• _Work task_
Word for word, restate the lines of the listing below from the line with "Kleeblatt Dough Tools" through the line with "WW2 German Mother", and do not include the pictures.

• _Records provided_
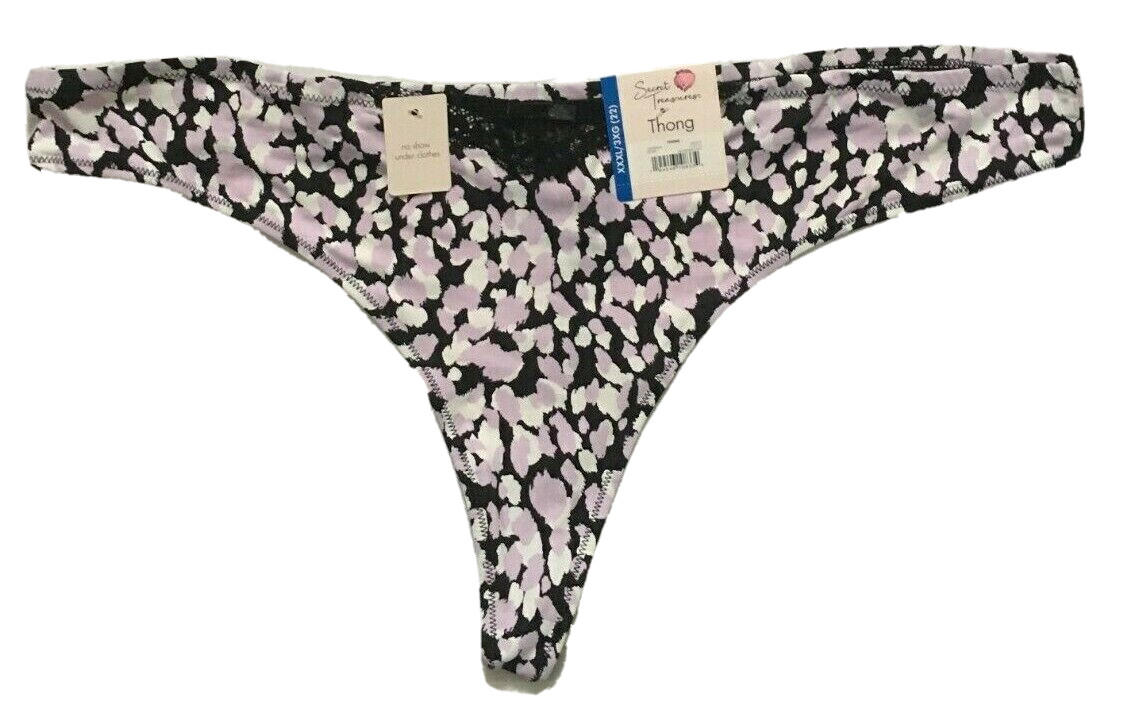 Animal Lilac Leopard Thong Panties Size 2X(20) No Show Under Clothes Lace Inset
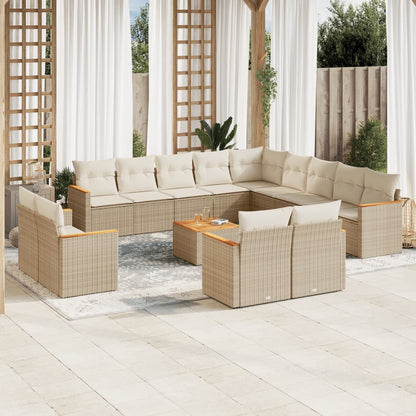Set Divani da Giardino 14pz con Cuscini in Polyrattan Beige - homemem39
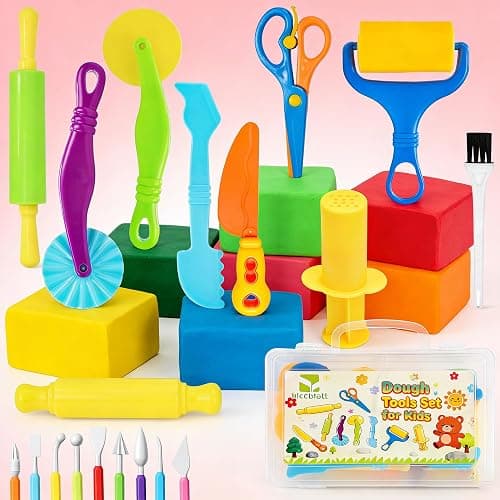 Kleeblatt Dough Tools Set for Kids - 19 Pcs Playdough Kit with 9 Basic Dough Tools, 9 Double-Headed Clay Carving Tools & Cleaning Brush, Safe for Toddlers Ages 2-8, for Clay/Plasticine/Sand thumbnail 9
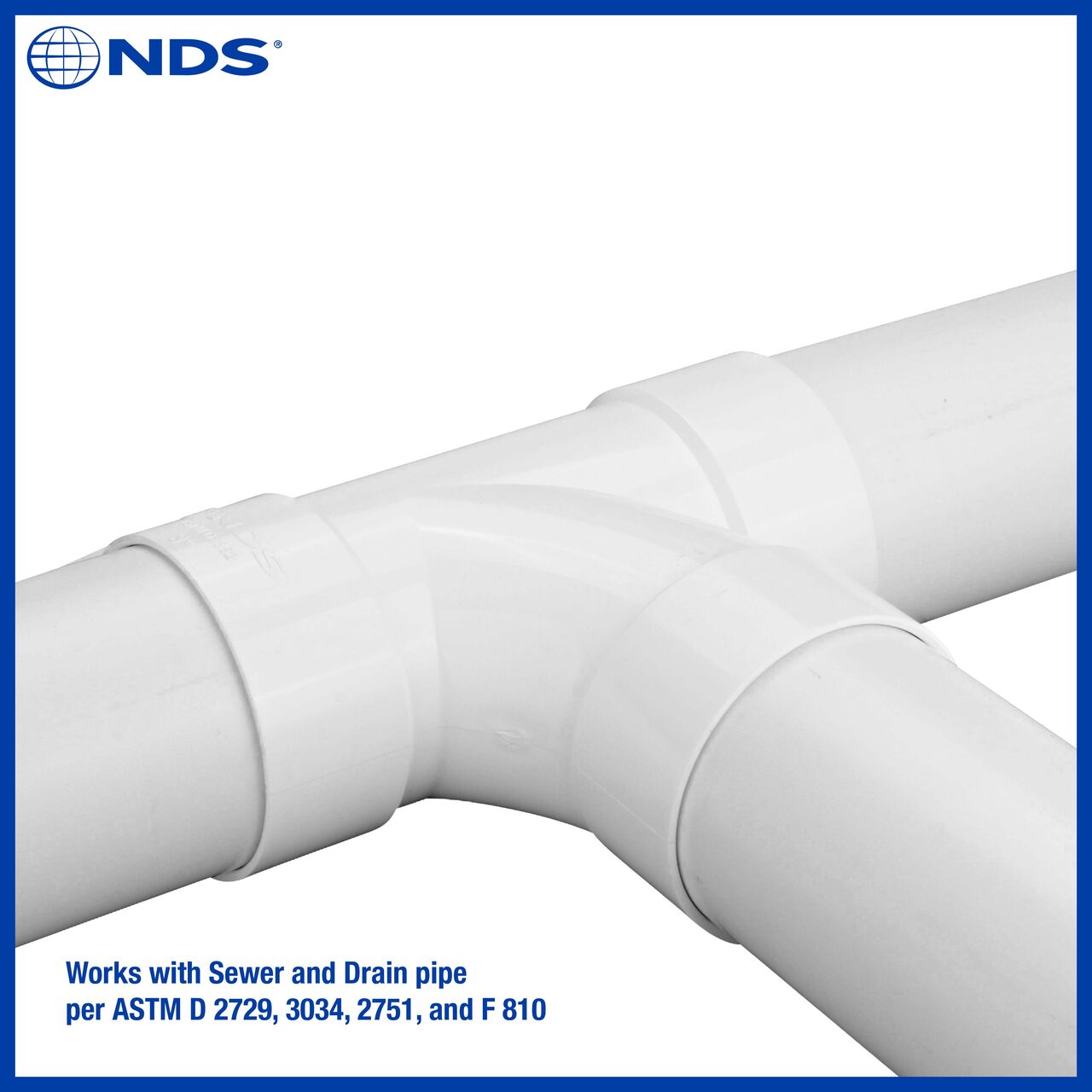 The NDS 3 inch PVC sanitary tee (NDS 3P09) works with Works with Sewer and Drain pipe per ASTM D 2729, 3034, 2751 and F 810
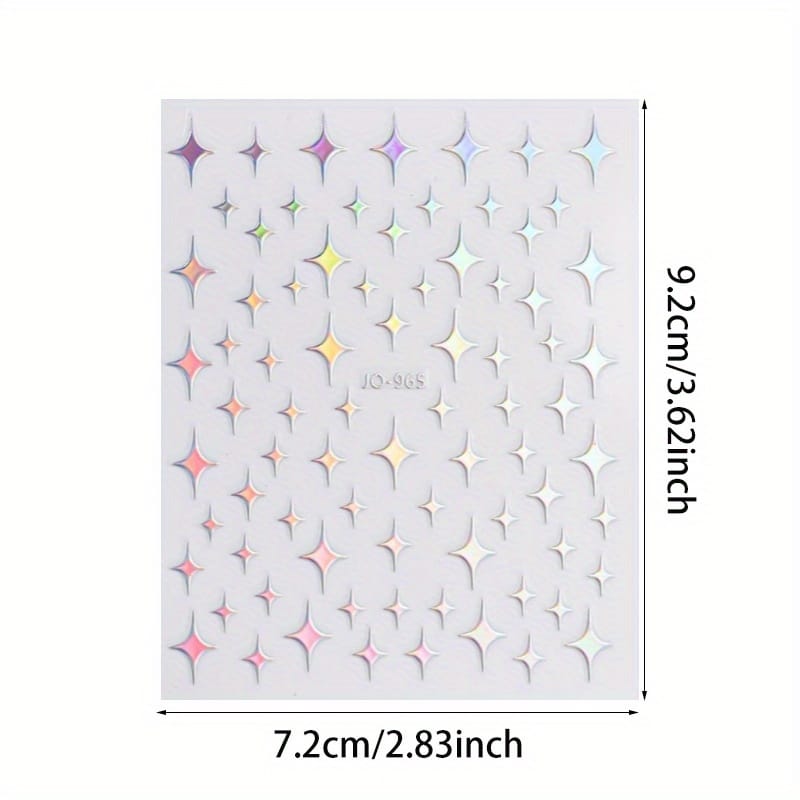 KissICON 10 Sheets KissIcon Nail Stickers Self Adhesive Glitter Hearts -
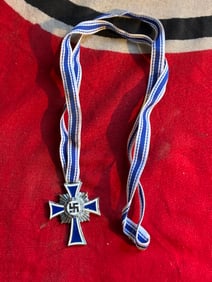 WW2 German Mother cross, silver class, 3rd Reaich, 1938 With Long Ribbon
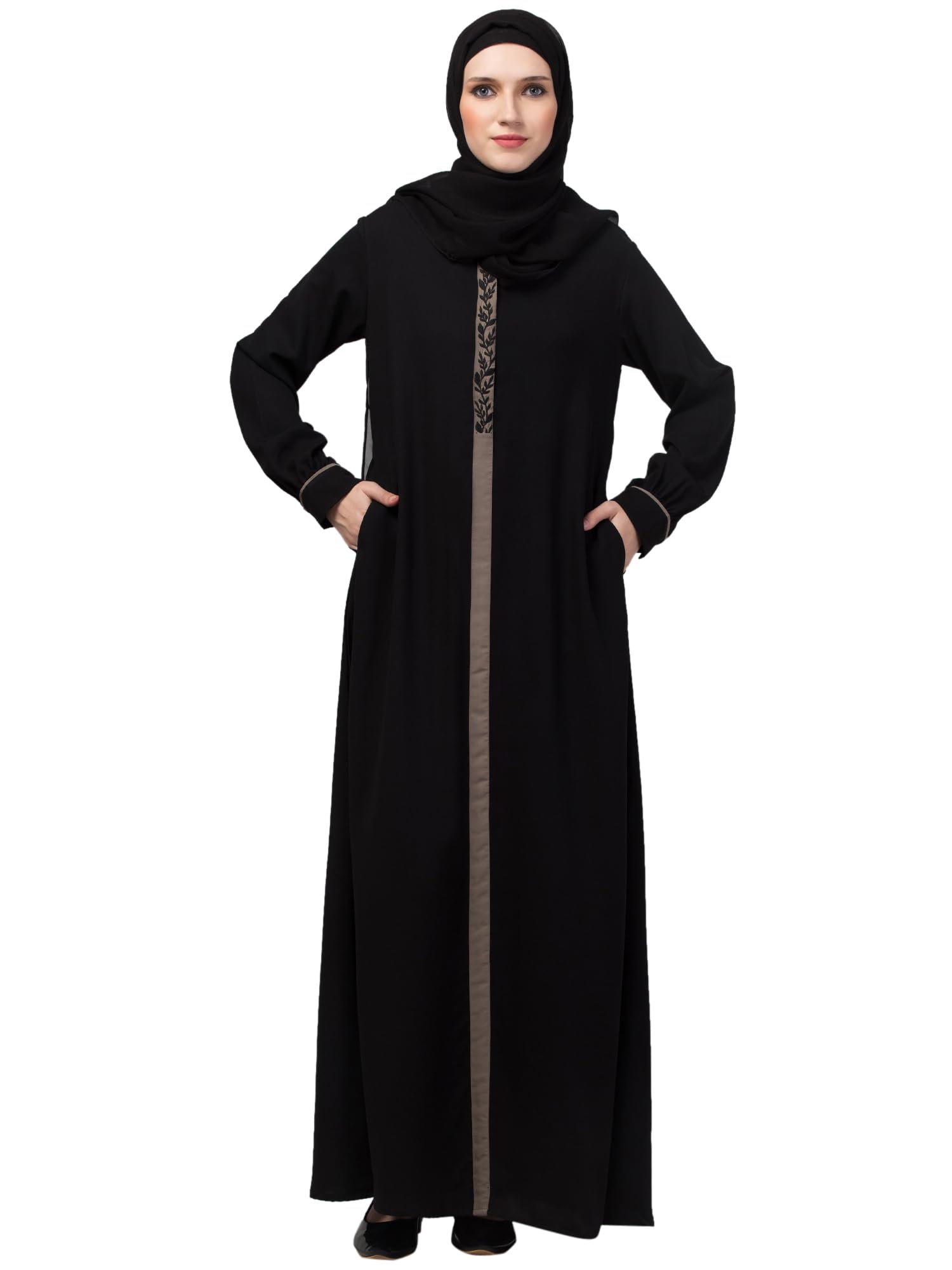 hamoodia Women’s Loose Fit Abaya with Front Embroidery Bells Work, Long Sleeves And Side Pockets for Girls and Ladies-picture-52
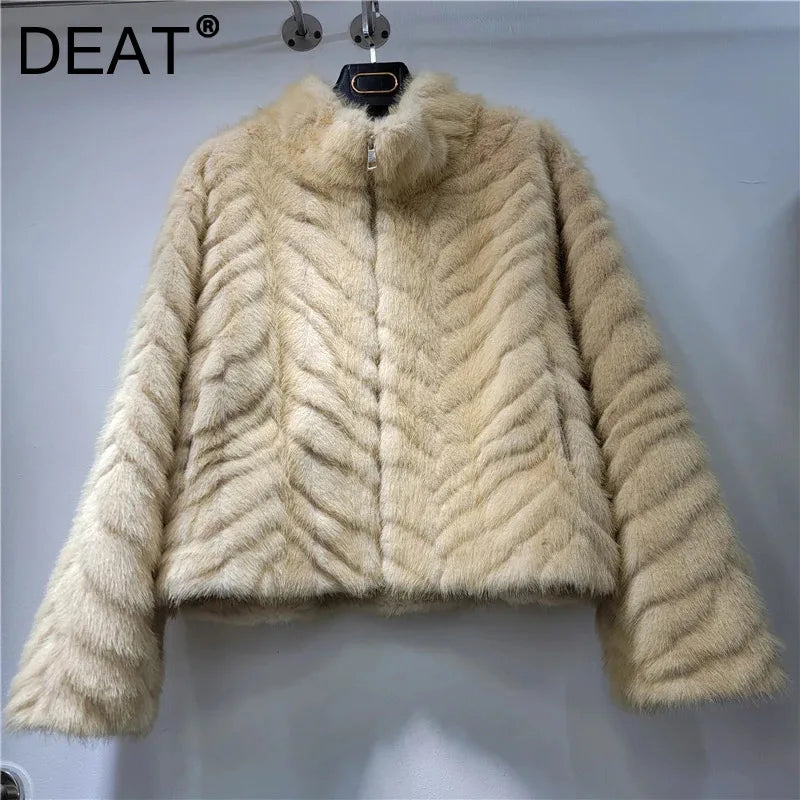 Winter Fashion New Style Elegant Stand Collar Mink Fur Short Coat For Women High-end Soft Faux Fur Jacket 11A07794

• _Response_
 Kleeblatt Dough Tools Set for Kids - 19 Pcs Playdough Kit with 9 Basic Dough Tools, 9 Double-Headed Clay Carving Tools & Cleaning Brush, Safe for Toddlers Ages 2-8, for Clay/Plasticine/Sand thumbnail 9
 The NDS 3 inch PVC sanitary tee (NDS 3P09) works with Works with Sewer and Drain pipe per ASTM D 2729, 3034, 2751 and F 810
 KissICON 10 Sheets KissIcon Nail Stickers Self Adhesive Glitter Hearts -
 WW2 German Mother cross, silver class, 3rd Reaich, 1938 With Long Ribbon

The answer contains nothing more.